- _RECORDS SUPPLIED_
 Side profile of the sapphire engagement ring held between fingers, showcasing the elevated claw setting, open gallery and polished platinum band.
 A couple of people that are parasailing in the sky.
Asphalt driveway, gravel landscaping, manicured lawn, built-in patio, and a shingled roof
* * *
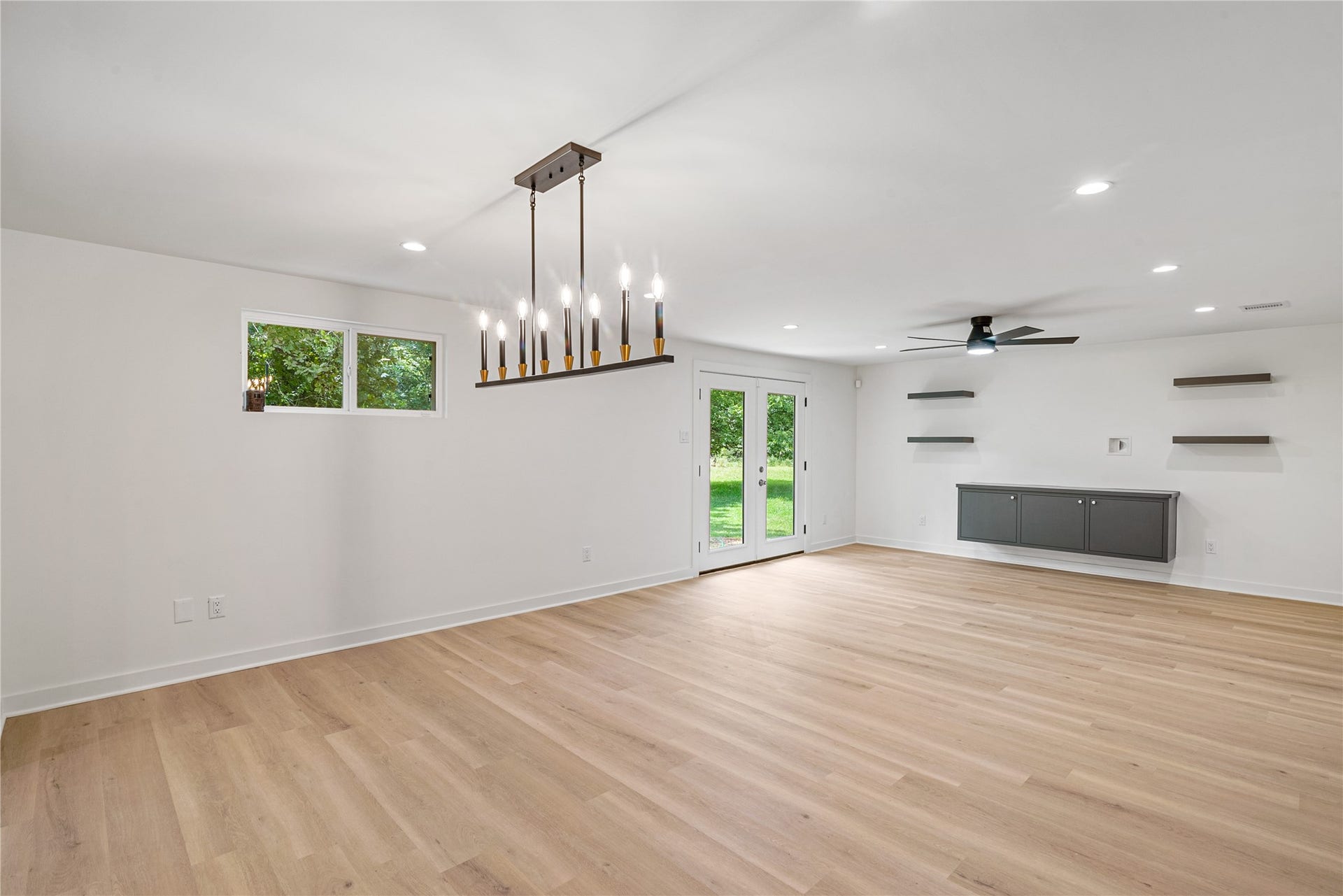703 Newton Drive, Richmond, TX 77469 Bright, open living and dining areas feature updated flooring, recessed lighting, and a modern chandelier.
---
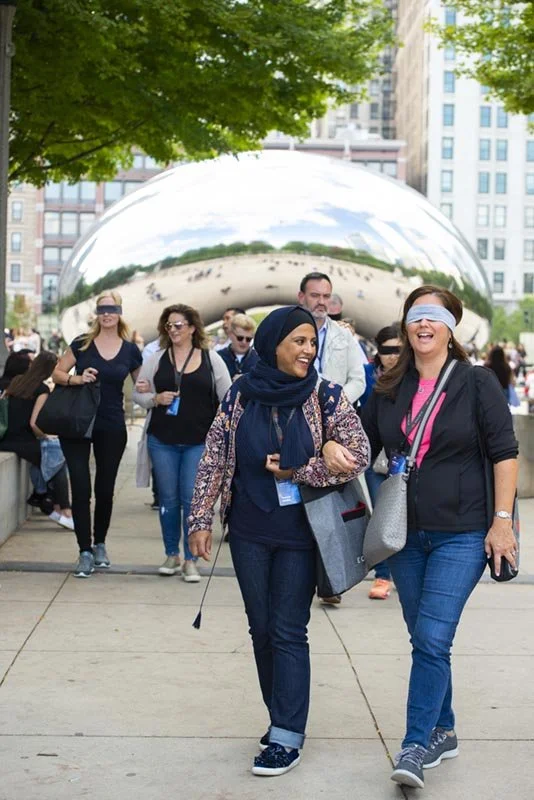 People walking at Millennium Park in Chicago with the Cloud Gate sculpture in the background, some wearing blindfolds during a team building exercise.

- _WHAT THE TASK ASKS_
Repeat exactly the lines above from the one with "Side profile of" up to and including the one with "Asphalt driveway, gravel". No other line belongs in the reply.

- _SOLUTION_
 Side profile of the sapphire engagement ring held between fingers, showcasing the elevated claw setting, open gallery and polished platinum band.
 A couple of people that are parasailing in the sky.
Asphalt driveway, gravel landscaping, manicured lawn, built-in patio, and a shingled roof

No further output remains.